Evaluation: Nutritional emergency intervention in Oromiya and SNNPR zones Ethiopia May - November 2008 (2009) internal
Ethiopia is known to be food insecure and has for many years been a major recipient of food aid from WFP, the majority emergency food aid. Despite a thorough set up of an early warning system, monitoring food security and malnutrition and despite two systems aiming both at emergency and long term food aid/development a nutritional crisis developed “unnoticed” in 2008. When OCB started an intervention in late May 2008 the situation was already quite severe. The objective of this evaluation was to draw "lessons learnt " from the intervention in terms of intervention strategy, activities, resources used and general communication, coordination and perception.

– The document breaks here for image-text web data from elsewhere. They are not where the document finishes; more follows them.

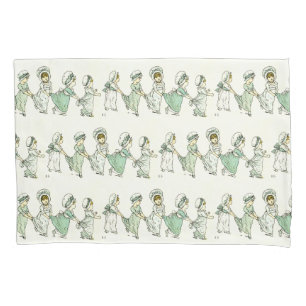 Vintage Süßes Kinder Muster Kate Greenaway Mint  Kissenbezug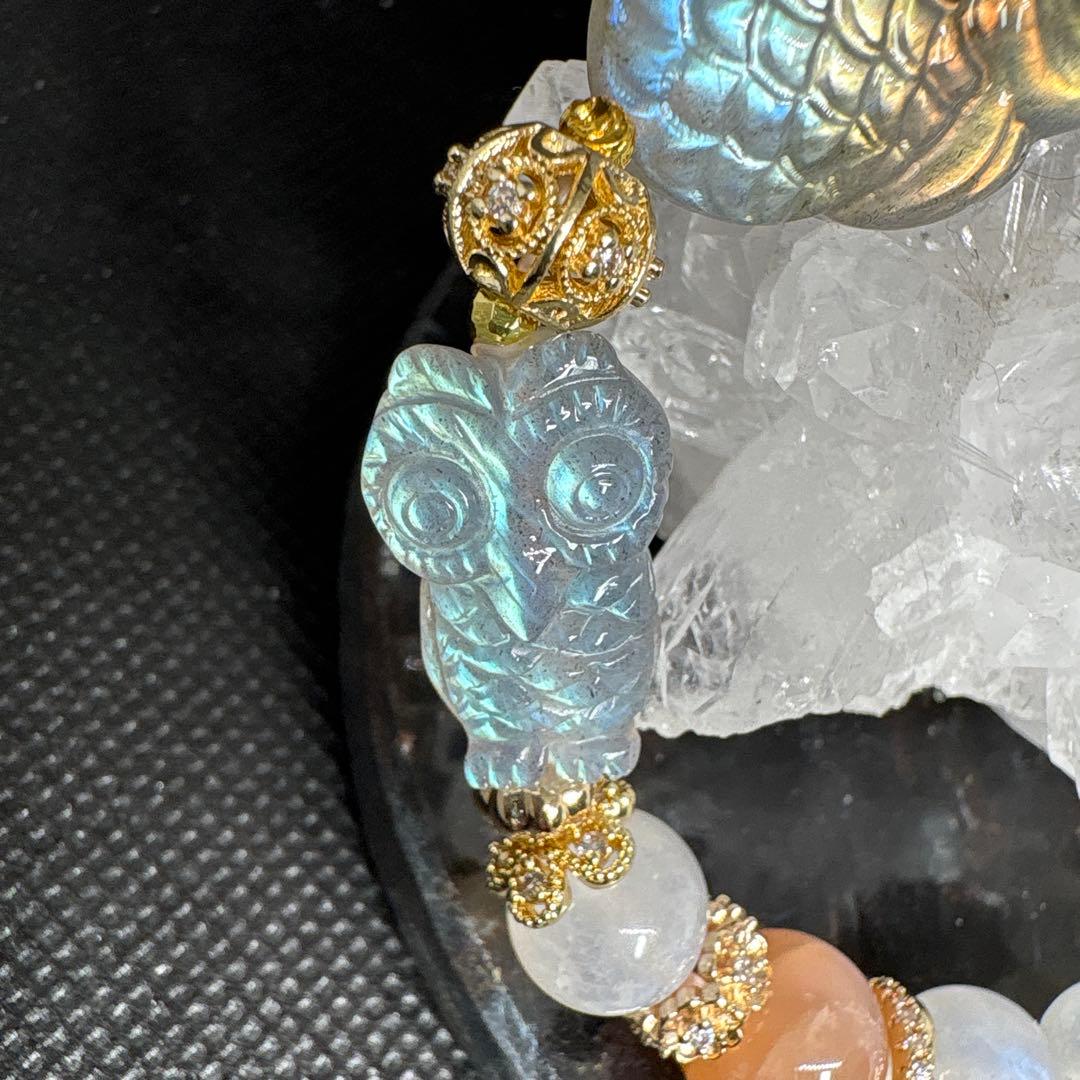 【高品質】ラブラドライト　親子フクロウ　ムーンストーン　ピーチムーンストーン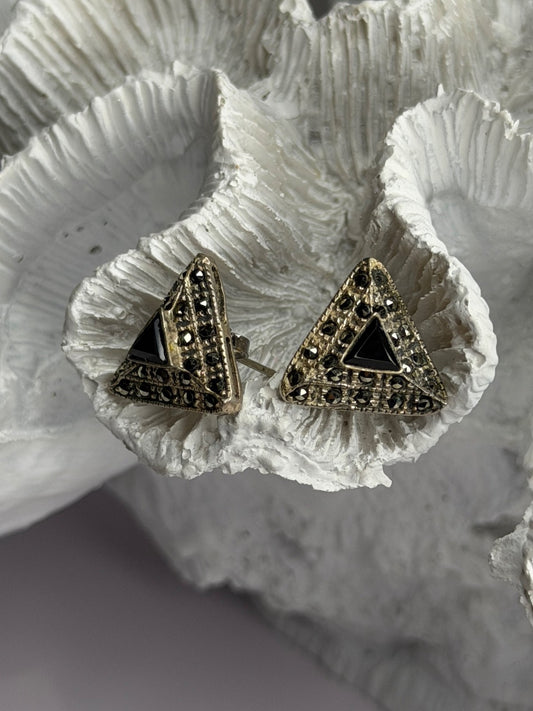 Vintage 925 Sterling Silver Onyx & Marcasite Earrings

MSF-OCBA Benson Hospital project - Monrovia, Liberia (2008) internal
The post-war years in Liberia were marked by sporadic outbursts of violence and a devastated health care system. The Benson hospital was opened to offer free maternity and paediatric hospital care for some of the most impoverished of Monrovia, where maternal and child mortality were among the worst in the world. The primary purpose of this evaluation was to help the field and HQ staff of MSF make informed decisions on the future of the Benson Hospital project.

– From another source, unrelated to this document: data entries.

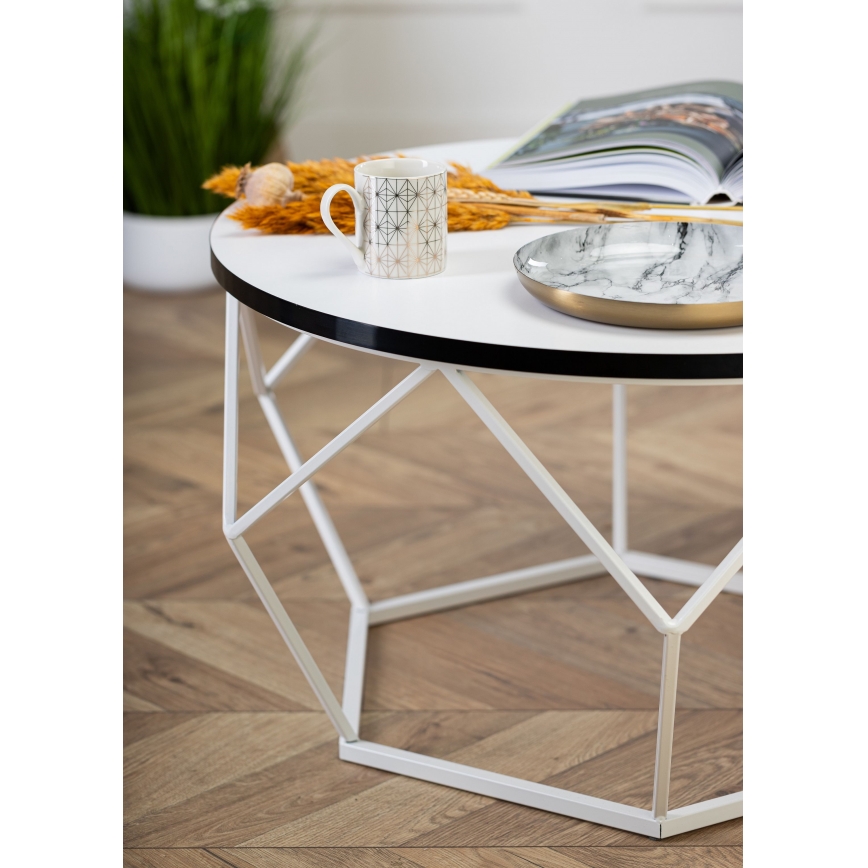 Sofabord DIAMOND 40x70 cm sort/hvid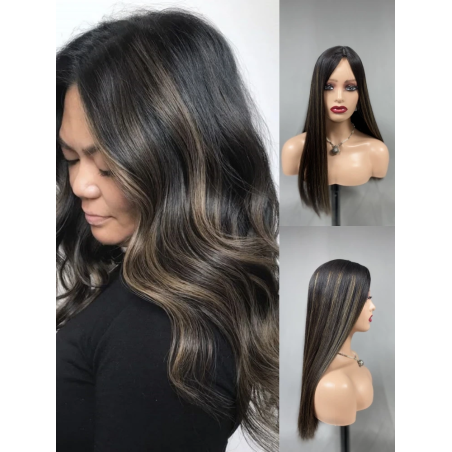 Custom Lovely natural black color hair with highlights kosher virgin human hair silk top cap long and full density jewish wig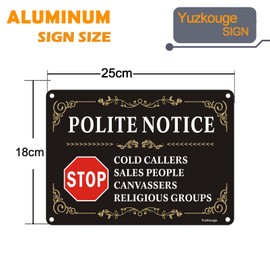 Yuzkouge No Cold Callers Sales Religious Groups Front Door Stop Sign - 2 Pack, 25 x 18 cm Rust Free Aluminum Polite NoticeSign, Weatherproof, Fade Resistant, Easy Mounting.
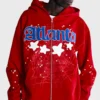 Sp5der Atlanta Zip Up Red Hoodie For Unisex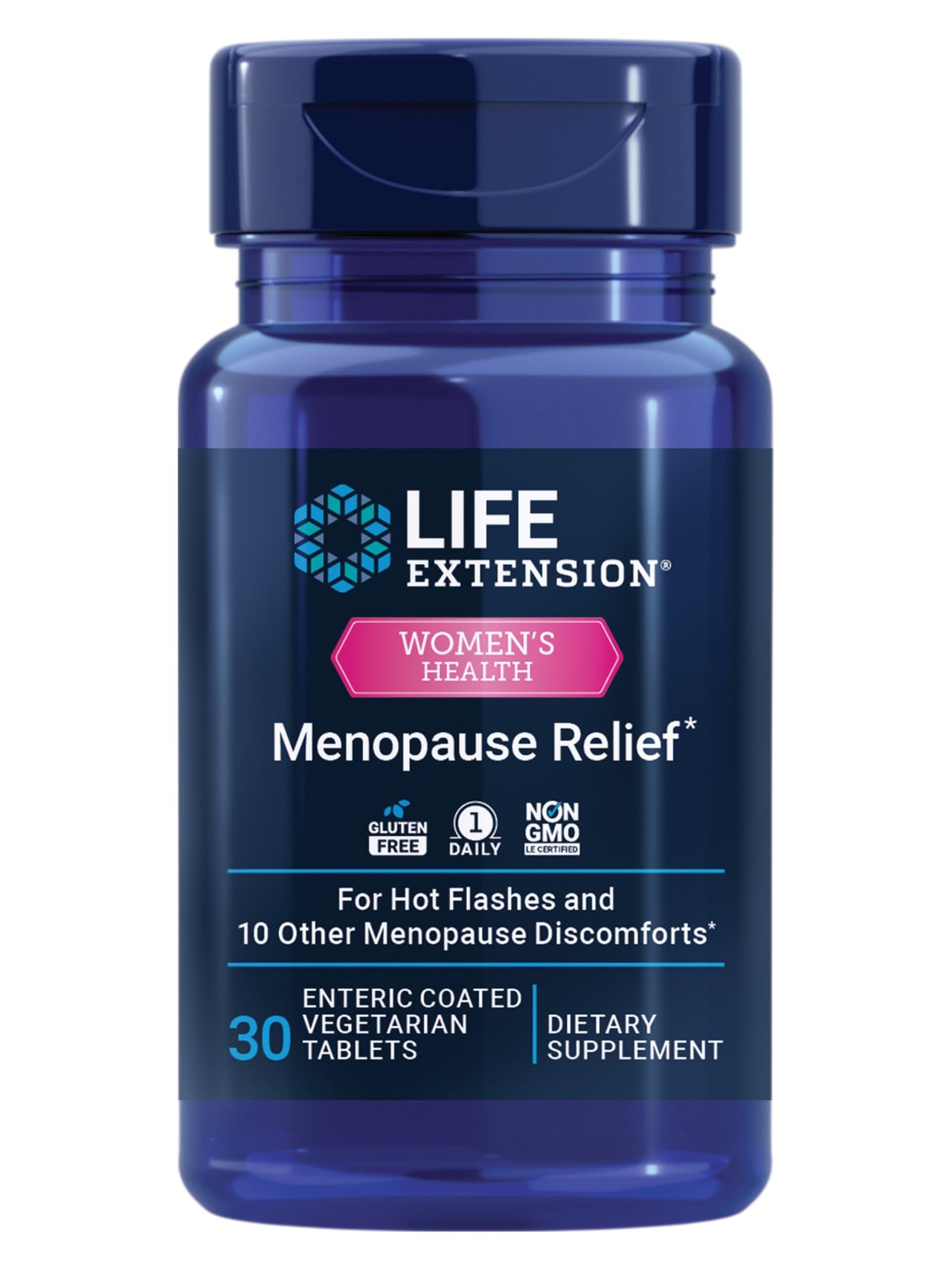 Life Extension Menopause Relief – Siberian Rhubarb, Menopause Supplement for Women, Ease hot Flashes, Mood Swings, Night Sweats Relief, Hormone-Free, Gluten-Free, Non-GMO, Vegetarian, 30 Tablets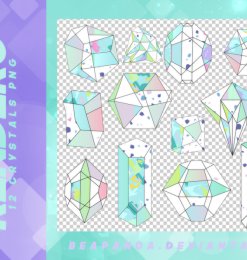 12种手绘水晶、钻石图形之韩国笔刷免费下载（PNG免扣图透明格式）
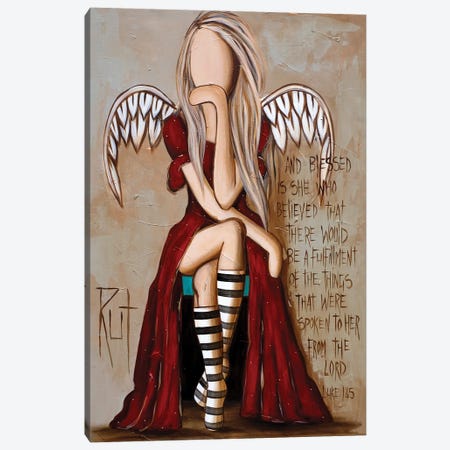 And Blessed Is She Canvas Print #RAC31} by Ruth's Angels Canvas Art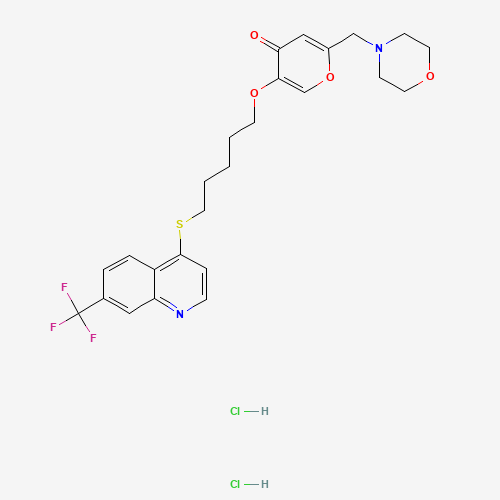 2-(morpholin-4-ylmethyl)-5-[5-[7-(trifluoromethyl)quinolin-4-yl]sulfanylpentoxy]pyran-4-one;dihydrochloride (CAS: 754240-09-0) - Related Chemical Product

Not strictly an evaluation but part of the ‘Cahiers du Crash’ series, this analysis focussed on the institutional production of data concerning food security. The study sheds light on the mechanisms producing the official data used by humanitarian aid decision makers
Nutrition interventions in Marial Lou, South Sudan compared with the Niger nutrition outcomes (2007) public
In 1997, OCG established Marial Lou hospital (Bahr el Ghazal, South Sudan) with the aim to respond to humanitarian emergencies, particularly nutritional crises, in a timely and effective manner. This evaluation analysed the different nutritional strategies implemented in Marial Lou between 2003 and 2006 in terms of appropriateness, effectiveness and efficiency, and, identified recommendations for future similar contexts. The evaluation team was also requested to extend the analysis of outcome data to those of the Niger nutrition program 2005 and 2006, for better comparison of results.